I wonder what is this? I wanted to say puberty. Hormonal changes or that timely clock that goes "krriiiinngg" or something like that when you need someone beside you. I want to think it is a mating call. But... it's deeper. It's deeper than just needing a guy or a girl in a non-platonic relationship.

I've told the worst outcome i expected from the past sem and this whole year to be exact and, in an unfortunate turn of events, it happened. The cursed ending played as the curtains drew to a close. Sad isn't it, the cry of the orchestra although it very much sounds like that victory music after each battle in FFVII.

I'm broken... and i think i do not want to heal. Perhaps that is why i hesitate to pick up the phone and speak to another.

But this is getting bad... I still have responsibilities but all i can do is to cry dry tears in the hymn of the guitar - although my skills are limited at best.

I won't say i have suffered. I'm not that low. But... i just don't want to be depended on anymore. I don't want to take care of anyone. I don't even want to take care of me. I just want to... rot away perhaps. Decay slowly into nothingness. I just want to disappear even though the other half of my scrambles to be remembered. Anything to be remembered. Anything to be known.

I think i've given up on myself.

It's strange... feeling like you want to be cared by another... to want to feel protected. Maybe even to the extent of wanting to be loved. I want to be selfish and say this is probably an accumulation of the years where i depended on none other than myself. Of knowing in this world, the only person i can count on is me... And i broke. I BROKE. And the other part of me is looking for another anchor.

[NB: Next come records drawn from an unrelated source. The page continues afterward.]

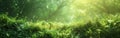 green meadow wallpaper free downloads,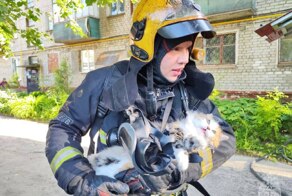 Надышавшуюся дымом кошку спасли из пожара в Йошкар-Оле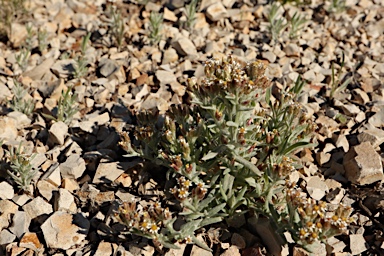 APII jpeg image of Rhodanthe microglossa  © contact APII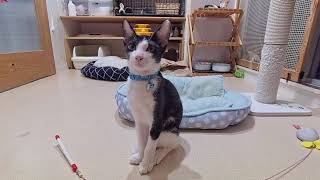 子猫室ライブ　20220920　20：16〜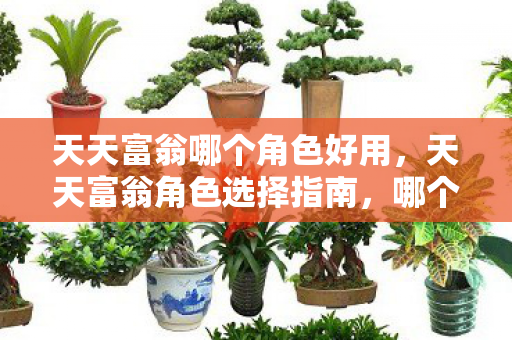 天天富翁哪个角色好用,天天富翁角色选择指南,哪个角色最适合你? 天天富翁哪个角色好用,天天富翁角色选择指南,哪个角色最适合你?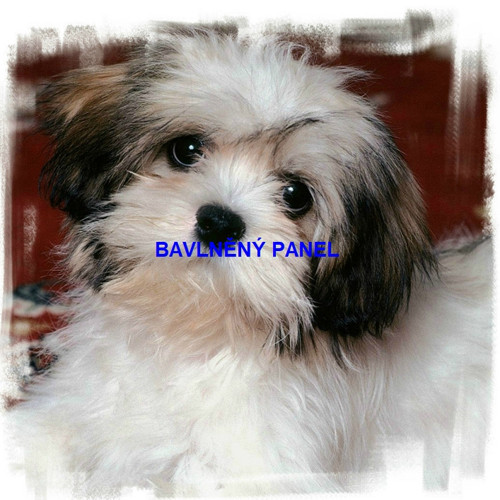 Bavlněný panel 25 x 25cm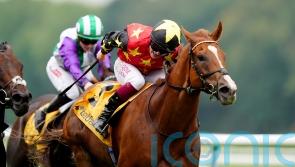 Haggas hopes Montassib has plenty in his favour in Wentworth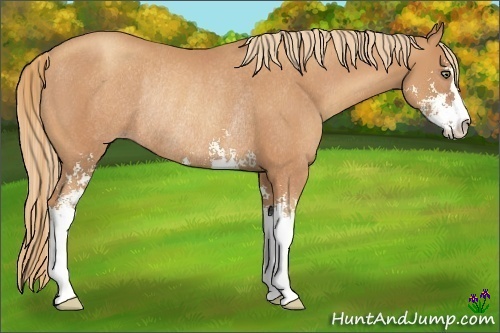 Horse Color:Unknown 
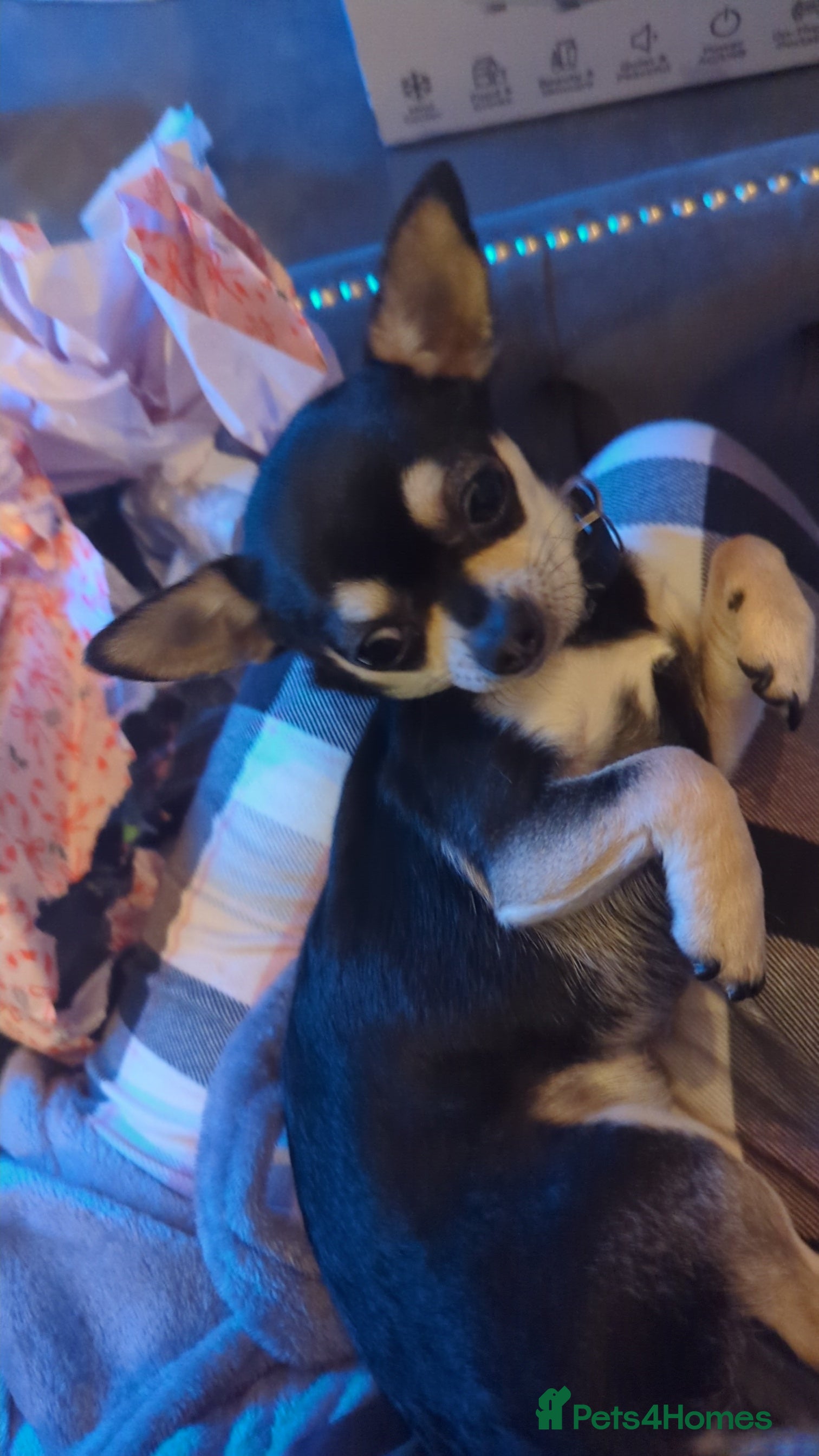 Chihuahua dogs Stud services - Advert 2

Do you believe in redemption?

Can i believe in my own redemption? It's like building a bridge that was destroyed and i'm doubting the strength of the new bridge. Because i use to tell me, that i'm the strongest person i know. I use to count on me to get me through things because i know, regardless of what happens i can.

This is silly. Who actually bets on themselves?

But i can't. The only one who has thorough faith in me is my cat. At least i can help him but i can't help myself and there's this outstretch hand my soul has reaching into the audience for a specific person to answer only i don't want him to.

I don't want to rely on anyone else but me. I don't want me to need anyone else but me. And i have to build that bridge slowly. I've let a lot of people down but... maybe, just maybe the new bridge should not be made of concrete. Maybe it needs to be supple yet flexible. Strong but understanding.

Maybe i need to learn to say "I'm sorry" without feeling like it hurts.

Maybe it's a bridge without the iron clad pride.

I need to answer my own outstretched hand because otherwise, my soul will drown in its tears. I cannot trust anyone else because this is the core of who i am.

I have to let go of the past... To walk forward, and not look back.